2) I try to trade as infrequently as possible. So I threw the 30 day figure in really just because I always avoid the 0.75% redemption fee. The real thinking goes into what will happen in the world in 1, 2, 5 and 10 years out. When you pick sectors in that timeframe, you're much more of a buy and hold style investor than a trader.
3) FMR is the research arm of Fido. The make the research recommendations for the fund managers to work with when selecting investment positions. In the case of the Select funds, they try to pick the best stocks in the sector, and then the fund manager decides yea or ney in accordance with his or her specific style. That's what you pay for in the fees on the funds. All those guys in FMR, pouring over reports, financials, news and beating the pavement out to talk with company management. Look at the 5 and 10 year return figures for the funds and you'll probably come to the same conclusion that I did, they do a pretty good job!
Finally, historic return.

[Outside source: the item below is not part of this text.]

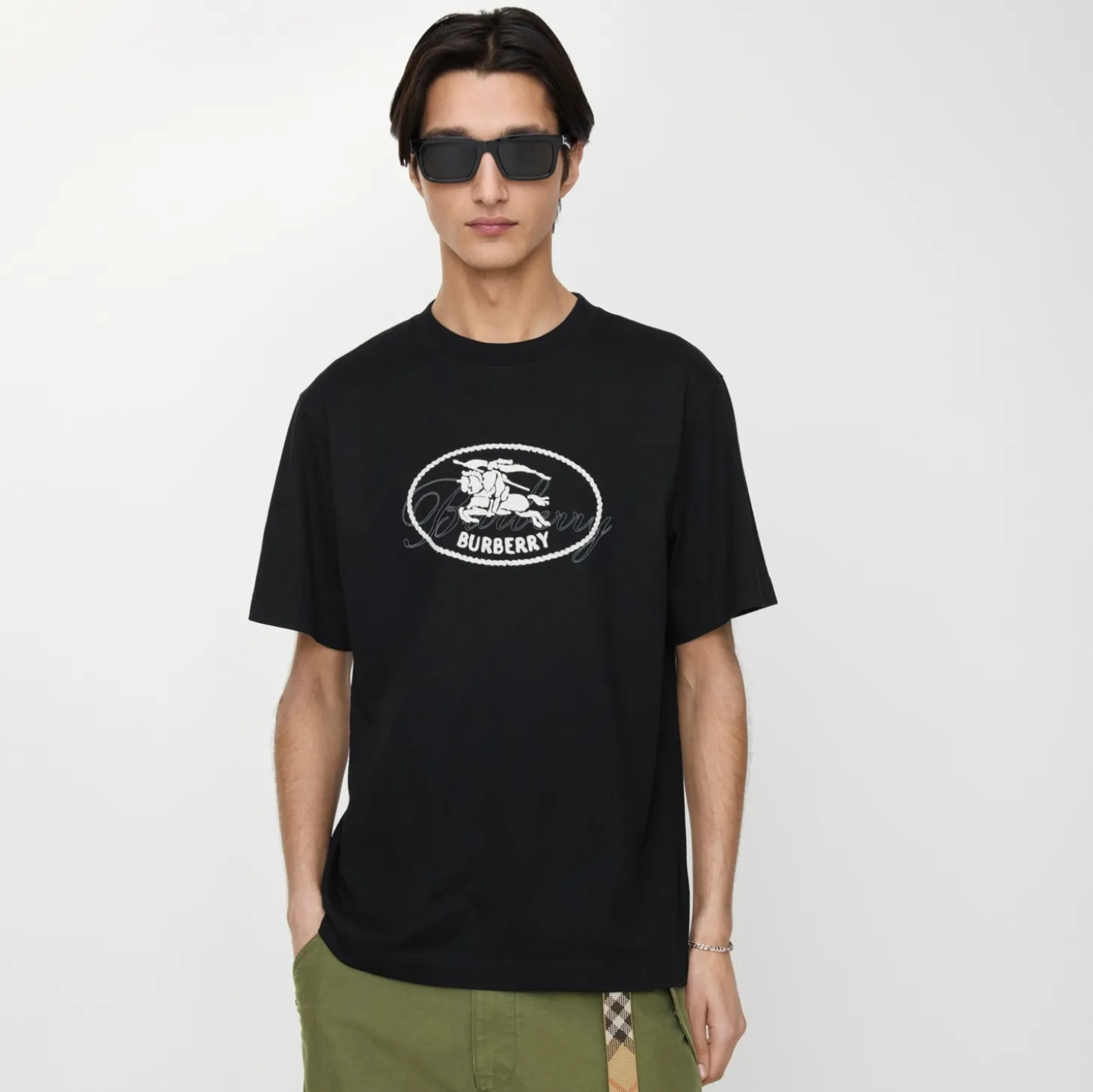 Knight Stamp Cotton T-shirt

I would really hate to put any stakes in the stand for my own experience. However, I did read an interesting post on this thread (or was it somewhere else in SI?) not too long ago that goes something like this: If you follow a strategy whereby every six months or a year you rebalance into the best five performing sectors for the previous period you come out somewhere around 30% annually over time. And that doesn't even include doing some homework to figure out what the world is going to need in the future, just a more mechanical approach. Sort of a slow moving momentum play.
Sit down with Fido's big thick prosectus book on all the Select funds sometime and look at the graphs and see how the various sectors correlate and perform over time. Alot depends upon how much time you have to spend on your investments. That's really all I can offer, I've been pleased by the result and received an education at the same time.